Times at which I perform the various activities: Squats - 0:20, Pushups- 0:40, Bicep curls - 1:04, Tricep extensions - 1:20, Walking - 1:41, Rest - 2:00.

How does it work?
The set up involves two iPhones: one is worn on my forearm (iPhone 4s) to capture motion, and the other (iPhone 6 - right corner of the video) displays the predicted activity.

The iPhone 4s is the brains of the operation. It captures my motion through the accelerometer and gyroscope sensors, transforms this raw data into meaningful input vectors, feeds them into a multi-layer neural network which then outputs a prediction. This value is then sent and displayed on the iPhone 6 via bluetooth. This whole process repeats every second to produce a local and real-time* activity recognition system.

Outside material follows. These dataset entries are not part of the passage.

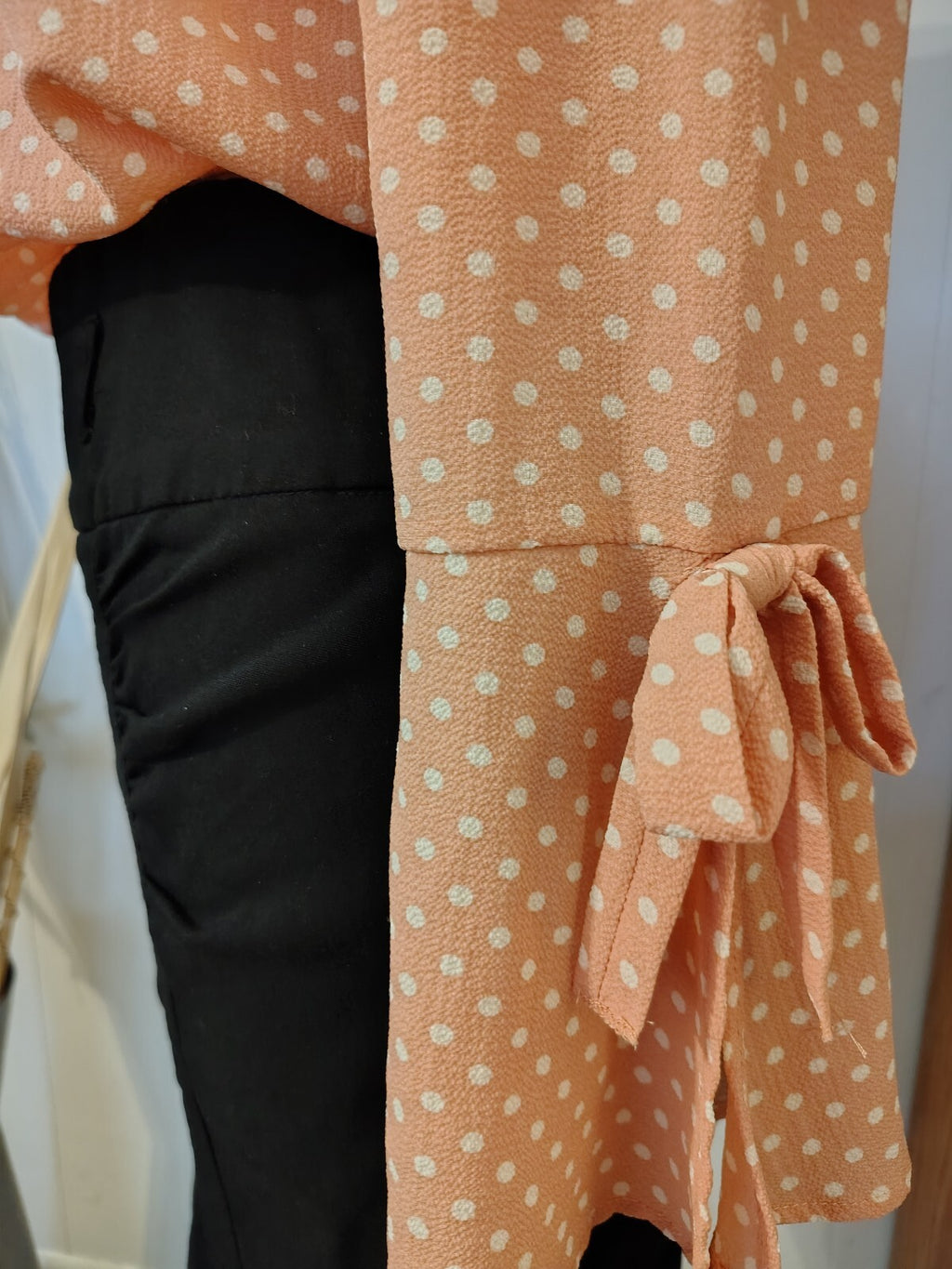 Theoutfit Women's Medium Peach Polka Dot Long Sleeve Blouse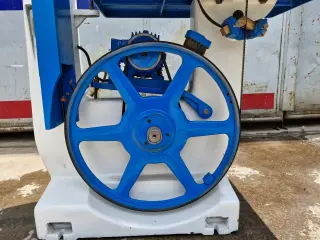 Sierra cinta 60 cm Ø Rockwell Invicta 2 HP
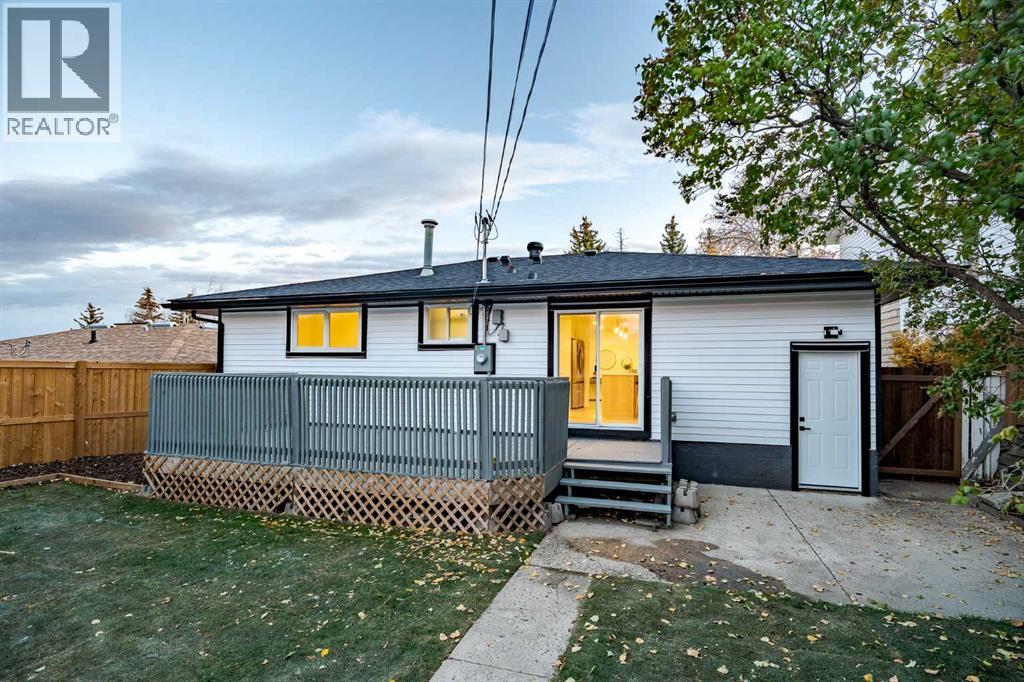 1024 Hunterston Place Nw, Calgary, Alberta  T2K 4N6 - Photo 45 - A2267498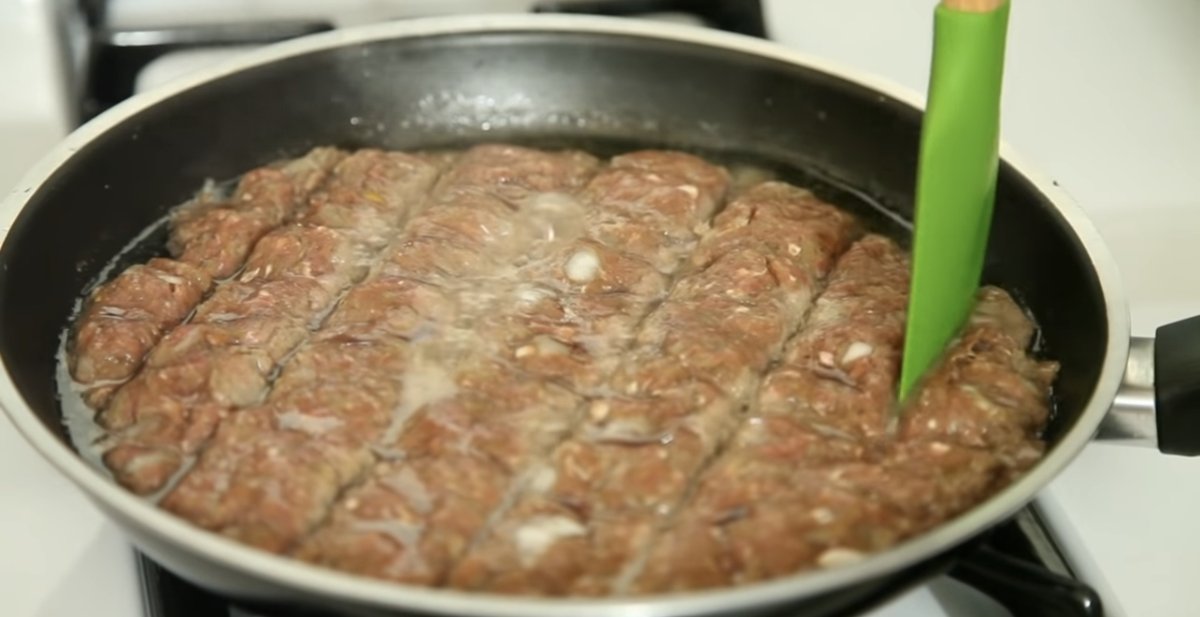 غذا با گوشت چرخ کرده و گوجه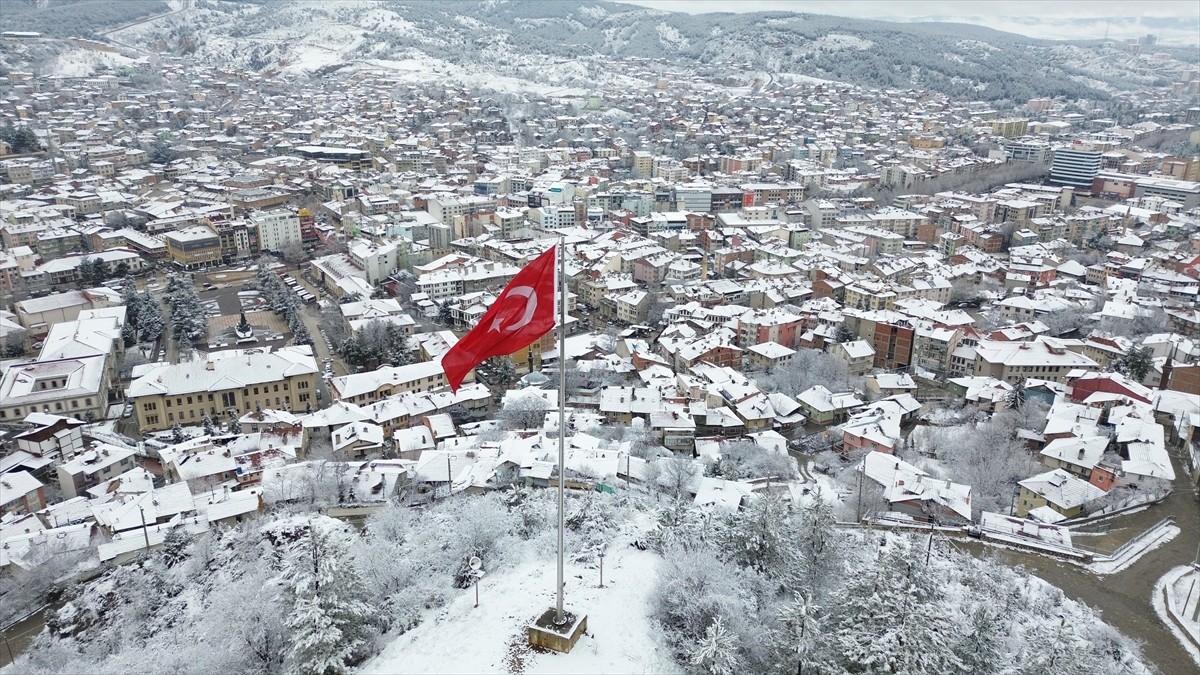 Kastamonu Valiliği, kar yağışı nedeniyle eğitime bir gün ara verilen kentte çocuklara "kar topu...
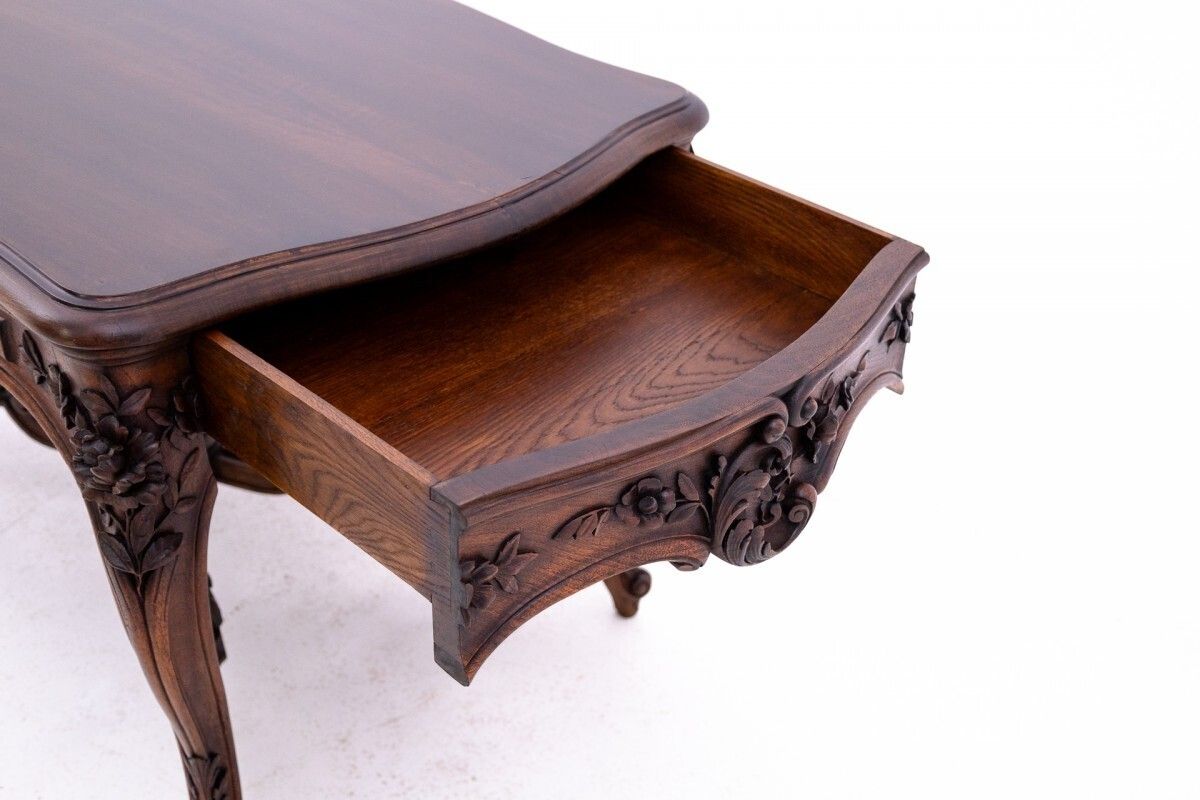 Richly Carved Table   Coffee Table, France, Late 19th Century. After Renovation. photo vinterior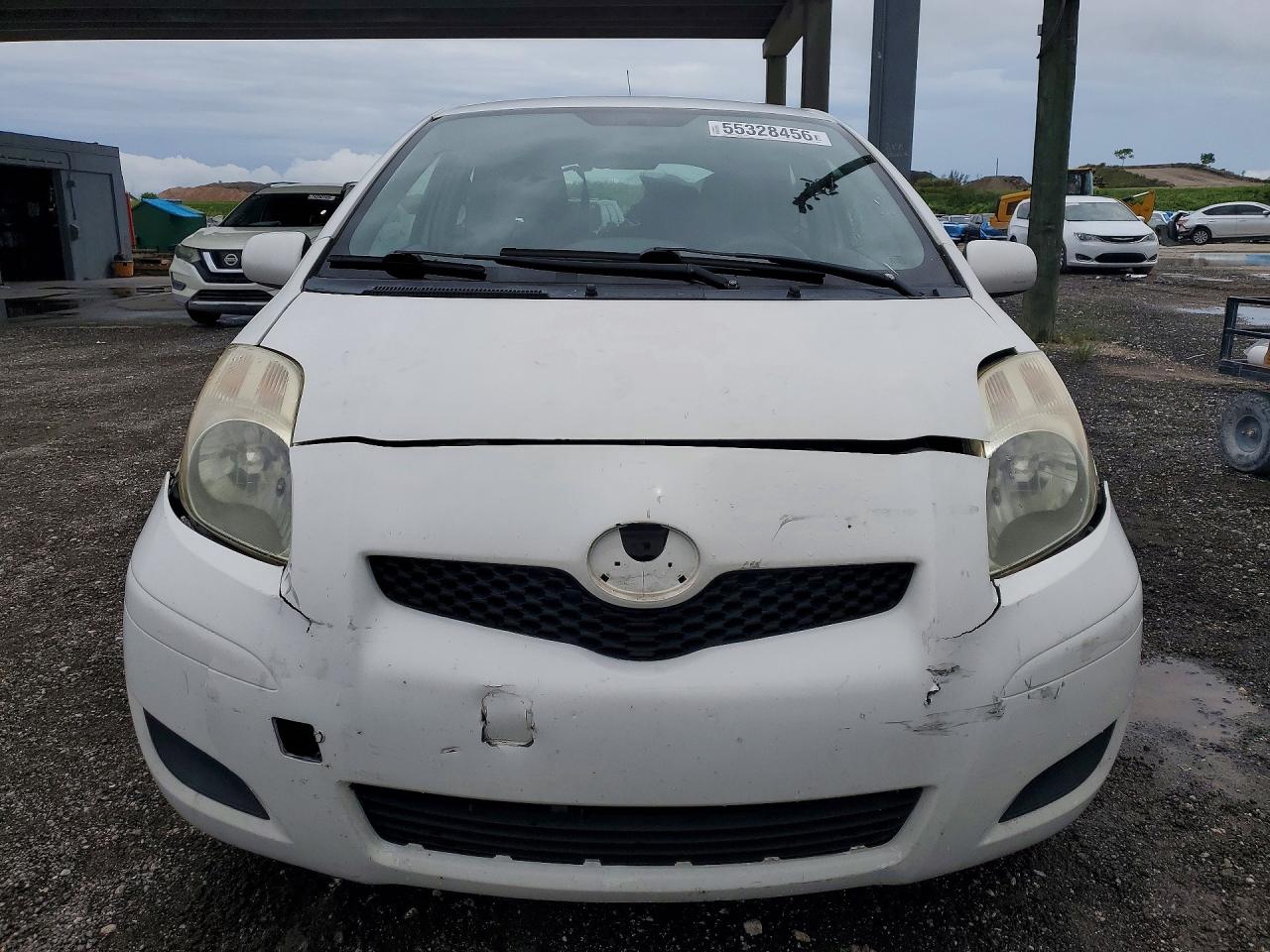 Toyota Yaris Base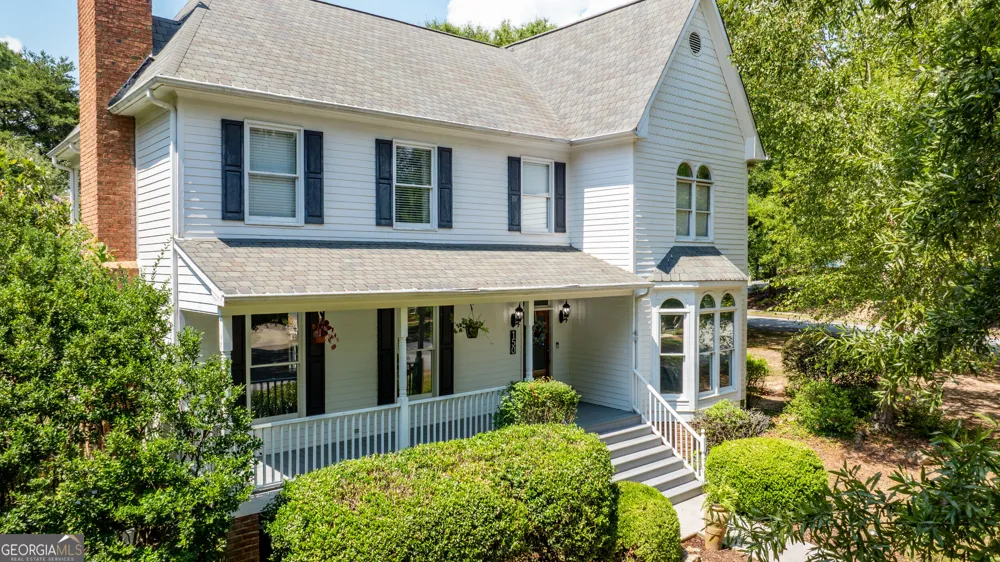 150 Mackenzie LN Fayetteville, GA 30214
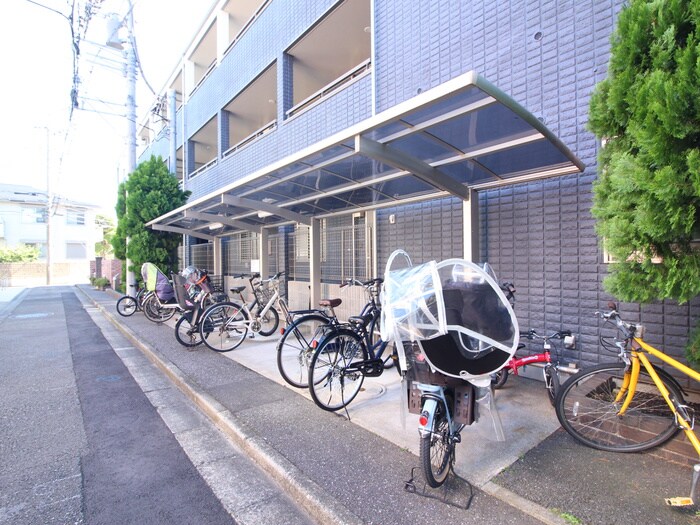 物件外観写真5　(駐輪場)
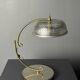 Lampe de table sculpturale ajustable des années 1960 avec abat-jour perforé.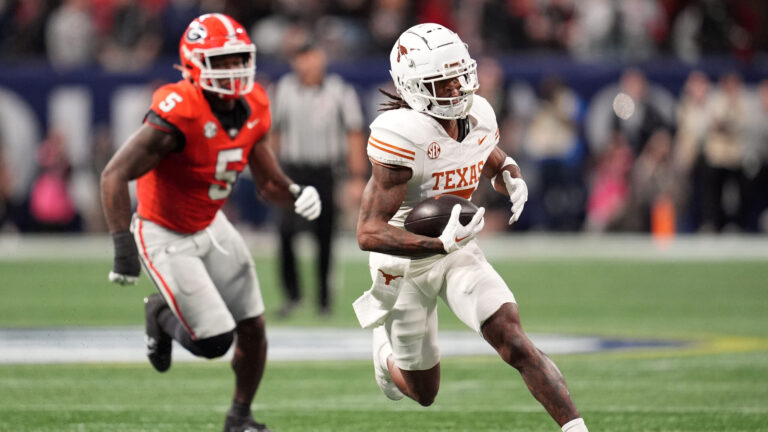 5 Seed: Texas Longhorns (11-2)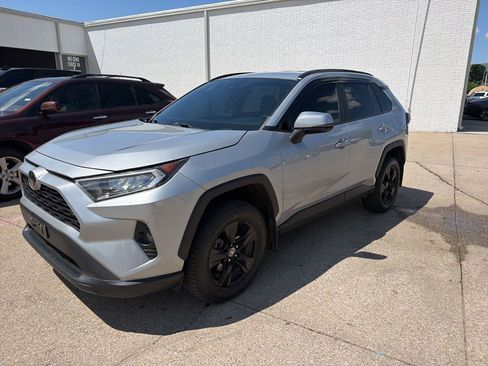 Used 2021 Toyota RAV4 XLE image 1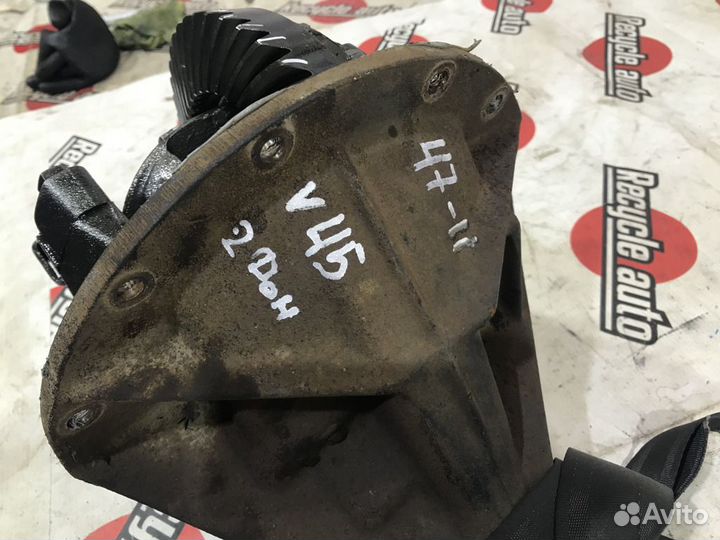 Редуктор mitsubishi pajero V45 R 1 997 Зад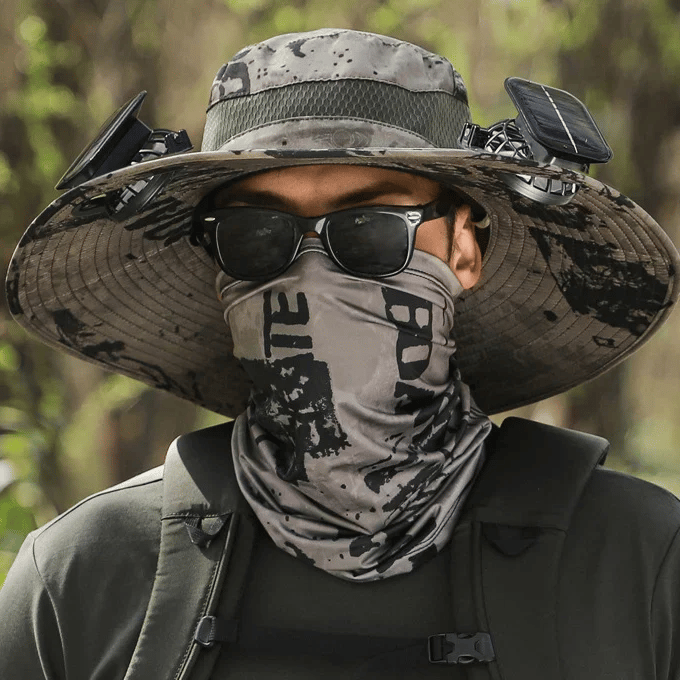 Chapeau de soleil à large bord avec ventilateur solaire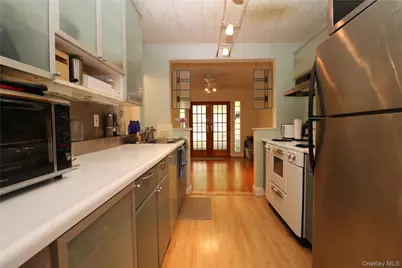 2027 Oakland Avenue, Wantagh, NY 11793 - Photo 11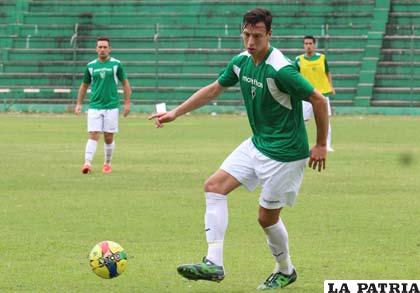 Martín Dalence es tomado en cuenta en el once titular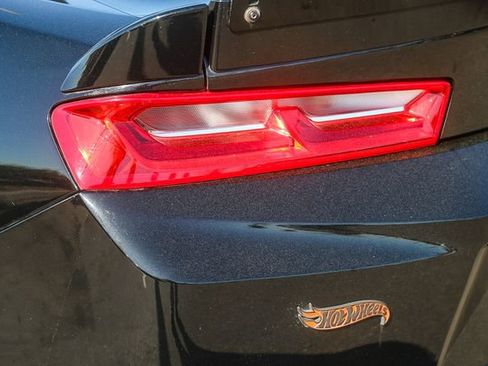 Used 2016 Chevrolet Camaro LT w/ RS Package image 10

*The recognition is not perfectly real-time. There is an inherent lag of ~3 to 4 seconds. This is because the system uses a 4-second window (with a sliding length of 1 second) to compute the input vectors for the neural network. Thus the system predicts the correct label approximately 3 to 4 seconds after an activity has been started.

What’s with the random predictions at times?
These random predictions have a pattern. They occur during the transitional periods between exercises. The neural network does not know about transitions, so it tries to fit an activity to the observed motion. As the motion during these periods is sporadic, the predictions jump from activity to activity.

The video shows the raw output of the neural network. In my project, I have addressed this problem by employing a simple accumulator strategy. The raw prediction of the neural network is fed into an accumulator which requires a threshold (i.e. a streak of x consistent predictions) to be met before changing its prediction to a new activity.

The app

The iOS application has three major functions:

  1. Viewer: This view looks for devices running the app in 'Tracker' mode so it can connect and display the input it receives.
  2. Tracker: Once the user hits 'Starts Tracking', this view performs the 'activity-recognition' part and then sends its output to devices running in the 'Viewer' mode.
  3. Trainer: Allows the user to perform additional training on any activity. Once the user's motion has been captured, the neural network learns from this data to better adapt to the user's form.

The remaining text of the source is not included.